We could build a retirement home in a farmer’s field on top of a mountain and it would fill up …” – Peter Gaskill.

In a series of articles written  in May 2012, by Business in Vancouver, in conjunction with a CBC investigation, on the state of seniors care in BC, Mr. Gaskill, President of Pacific Arbour Retirement Communities, explains how the retirement community business has changed in North America. “We told everybody it’s an unending demand … Well, that just wasn’t the case … people didn’t look at the details.”

“In Victoria, the seniors who would move into a retirement home, that demographic is on the decline … there’s fewer of them each year, “ said Gaskill.  “The baby boomers only just hit 65. They don’t move into retirement homes for another 20 years; it’s easy to forget that.”

On a recent talk show interview, Bill Good asks Mr.
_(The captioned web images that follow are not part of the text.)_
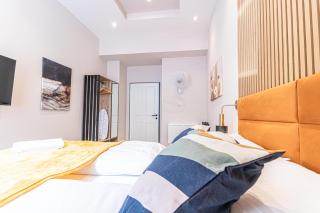 4-BR Apt, Ideal for Groups, 6-Min to Stadthalle - 5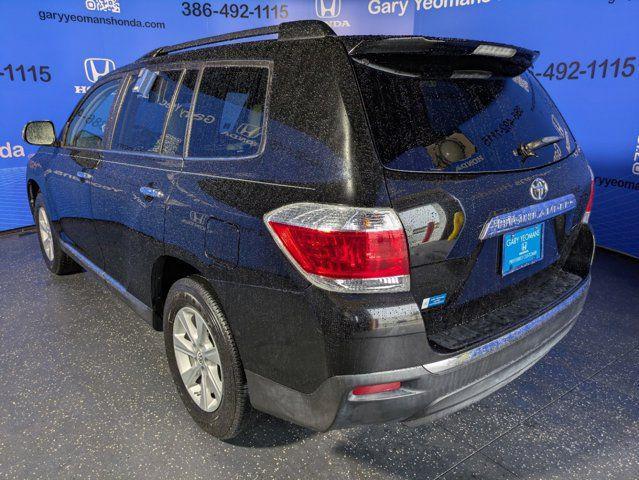 used 2013 Toyota Highlander car, priced at $17,870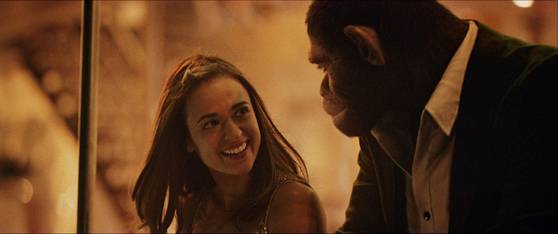 영화 '베러맨'의 한 장면. 로비 윌리엄스(오른쪽)가 요트 위에서 가수 니콜 애플턴(레이첼 반노)을 만나 사랑에 빠진다. 사진 찬란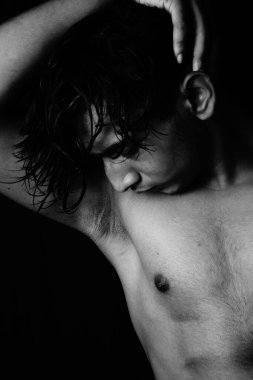 Yakışıklı bir adamın siyah portresi, uzun boylu, esmer ve yakışıklı, siyah ve beyaz, Vastav Kharat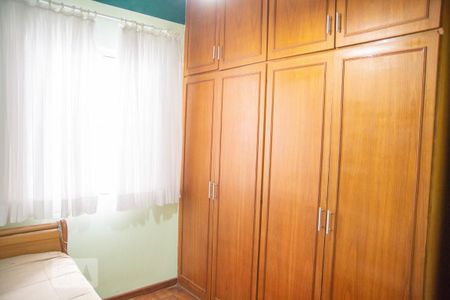 Casa à venda com 181m², 4 quartos e 5 vagasQuarto 1 - Armários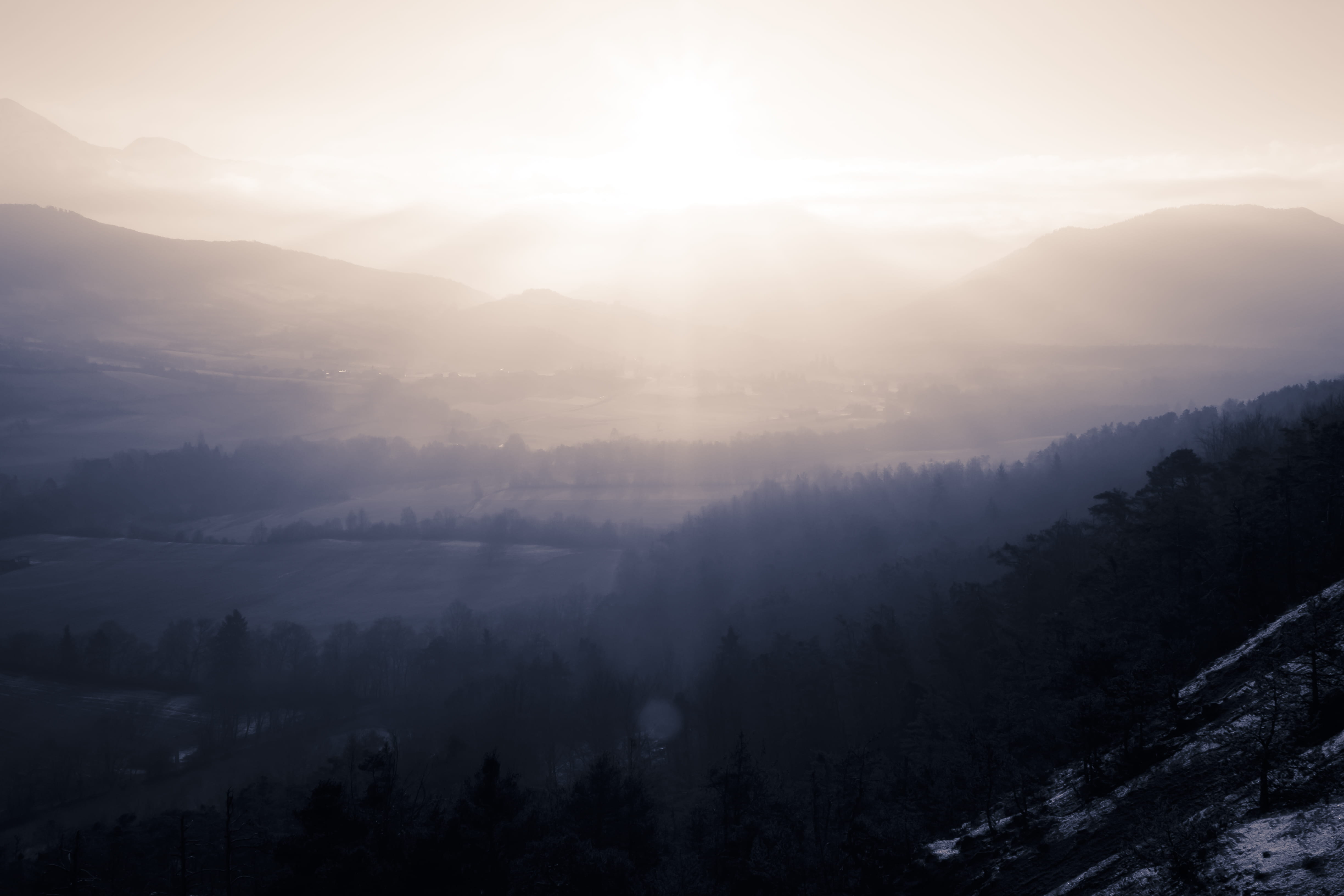 idyllic, photo, no people, cloud - sky, sunlight, sunrise, mountains, sunbeam, ethereal, outdoors, sun, rays, beauty in nature, mountain peak, HD Wallpaper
Gaskill, “Is this an exclusive care home?”  Gaskill explains that residents will pay for the cost of services provided.  He further states that, “we respond to the neighbourhoods that we build in”, meaning that they build to a cost level that the community will bear. He has previously explained that there is no profit in care homes. He will build an independent living residence. But, is this what the community needs?

On the one hand, it would appear that he says expensive, independent seniors residences are less in demand than previously thought, and on the other hand he indicates that he must build 130 units in Dunbar to make his business model profitable. His past remarks seem to be at odds with his current beliefs. We must ask again of Mr. Gaskill, “Do you have the right profit numbers in your proposal?”  Have you looked into the details?

Reading the series of BIV articles captioned the “Grey Area”, it is clear Dunbar, like the rest of the province, needs seniors care homes in contrast to expensive, independent living residences. The effect of this need is brought home in this interview with Rebecca Maurer. She talks about the struggle to find care for her mother in this article. (For those with appropriate browsers, her CBC interview link follows:)

Rebecca Maurer

In spite of this discussion, the Mayor of Vancouver and his Vision council seem blindly interested in all the independent seniors residences that Pacific Arbour can supply (it’s good optics). However, when resources like this neighbourhood’s land are so dear, have we, as a community, carefully weighed our options and considered what is most appropriate for the needs of our aging population?